Разумеется, это странное желание Горацио покончить с собой, раз уж Гамлету осталось недолго, не только меня навело на мысль, что между ними существовали интимные отношения. Подобные предположения высказывались и раньше.
Кстати, только нежной дружбой я могу объяснить на удивление спокойную реакцию Горацио в те отнюдь не редкие моменты, когда Гамлету приходит охота позлословить насчет короля - отца Горацио. Более того: Горацио во время представления охотно принимает участие в слежке за королем, а потом не менее охотно делится с Гамлетом впечатлениями. Вот только, увы, факт интимной дружбы никак не объясняет, почему все-таки почти два месяца они упорно не замечали друг друга.

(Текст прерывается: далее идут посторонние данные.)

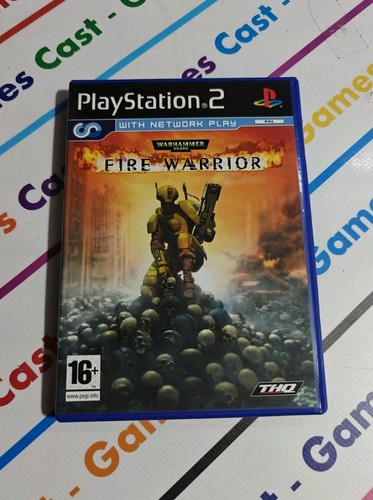 Ps2 warhammer 40000 fire - ps2,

Я могу предположить, что интимные отношения между ними существовали давно - допустим, они начались еще в их бытность студентами в Виттенберге. Потом Гамлет возвращается в Данию. Проходят годы... У Гамлета умирает отец, его дядя тут же становится официальным любовником королевы, а сам Гамлет начинает интрижку с Офелией. Эта интрижка не скрывается, более того - она нарочита, выставлена напоказ, так что все о ней прекрасно оповещены.

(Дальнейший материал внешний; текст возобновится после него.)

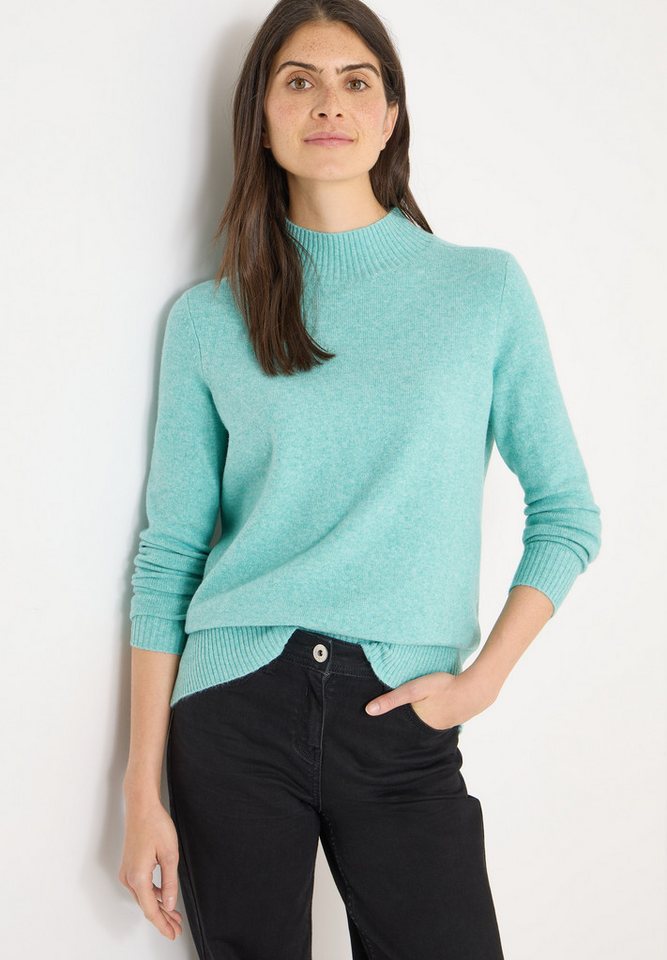 CECIL Stehkragenpullover mit Turtelneck-Stehkragen von CECIL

Далее все могло бы выглядеть следующим образом. Приезжает Горацио, и между бывшими любовниками вновь завязываются отношения, что никак не вредит интрижке с Офелией. Гамлет просит Горацио не афишировать их нежную дружбу. Поскольку подобные нетрадиционные чувства рассматривались тогдашним законодательством как серьезное преступление, караемое смертью. В результате во избежание кривотолков оба усиленно делают вид, что равнодушны друг к другу до такой степени, что не видят друг друга в упор. До тех пор, пока обстоятельства не позволят им "официально" предстать друг перед другом (как в случае с Призраком).
Могло такое быть? Вполне. Однако данный вариант никак не объясняет, почему все-таки Горацио не подошел к Гамлету на похоронах - а ведь случай более чем значительный! Это первый вопрос.
И вот вопрос второй: почему после встречи с Призраком их внешние отношения столь кардинально меняются - перестают быть для окружающих тайной за семью печатями?..
*
Но вернемся к повествованию. Итак, все шло как шло. То нервное потрясение, которое Гамлет пережил в связи с раскрывшимися обстоятельствами гибели его отца, потихоньку сходит на нет, а сам принц - следуя своему плану, столь неожиданно пришедшему ему в голову буквально спустя десяток минут после ухода Призрака, - помаленьку делает вид, что он не в себе.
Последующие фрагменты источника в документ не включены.